“Quieter than Evalake but still very good to listen to”
1 Diamond Dust 12:04
2 Antheia 21:44
3 Theros 19:09
4 Recursive Island 18:03
(DDL 71:01) (V.F.)
(Atmospheric, Berlin School)
Variations on the same theme! It's a bit what it sounds with this new The Polymusicon album AZARAN FORECAST which is available only in download. Graeme Nattress was inspired by the beautiful differences in scenery that follow each change of season in Southern Ontario, as well as in Quebec and the American Northeast. The music is noticeably quieter than in the excellent Evalake released in late 2019 and features similar themes that, like these seasons, change without emphasizing the differences between them. The soundscapes are the same and the variations embrace the softness to which each season settles. The structures are mostly ambient, except for the dynamism of Recursive Island. They host ambient rhythms where a multitude of loops are synchronized in a synth-guitar duel.
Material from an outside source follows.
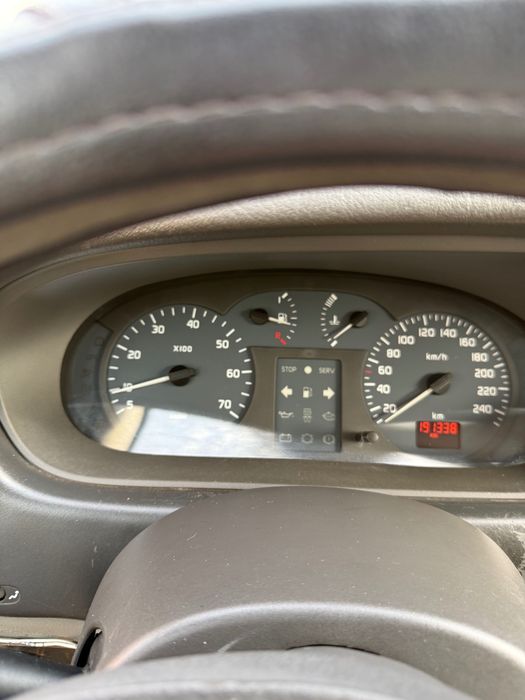 Продавам Renault Scenic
A peaceful synth wave introduces us to a rather atmospheric opening of Diamond Dust. Lyrical, it installs a climate of serenity even with these peaks of intensity which come and go around this opening where are grafted hazy effects and celestial voices which prolong the meditative ambiences beyond 2 minutes. The synth releases then a thin harmonic line which cools in loops on a musical shroud dominated by a seraphic voice which little by little stretches its charms. The setting becomes more sibylline with reflections of silver and dark blue merging as the repetitive loops continue their rhythmic migration into more glittering tones that tinkle like a concert of angelic bells. Subtle variations in intonation bring us back to a vision of a Crystal Lake reworked for another dimension. And it's even more tangible around the 5th minute when this meditative rhythm loses some velocity. Less velocity does not equal less intensity as each chord is firmly anchored by nimble, weighty fingers playing this repetitive ritornello. Drones vibrate in the background, preceding a layer of celestial voices that root this sibylline vision of Diamond Lust. A bass wave slows the processional melody around the 7 minute mark. Injecting an unsettling aura, it also redirects the minimalist trajectory that instead lets a silvery sheen ripple through a more moving final phase where more spectral synth waves sigh, and guitar chords fall. You have to like the genre, and I like this impression I have of hearing something that fits between this much more atmospheric and meditative Crystal Lake by Klaus Schulze and the imperial Reflections in Suspension from Steve Roach's Structures from Silence album. And if you like the genre, Theros is of the same mold, perhaps a bit slower with some good growls from a bass wave as well as a lot more guitar textures, and the album download also features a stretched 15-minute version of that Theros. The soundscapes one hears in Diamond Dust goes also for the whole album.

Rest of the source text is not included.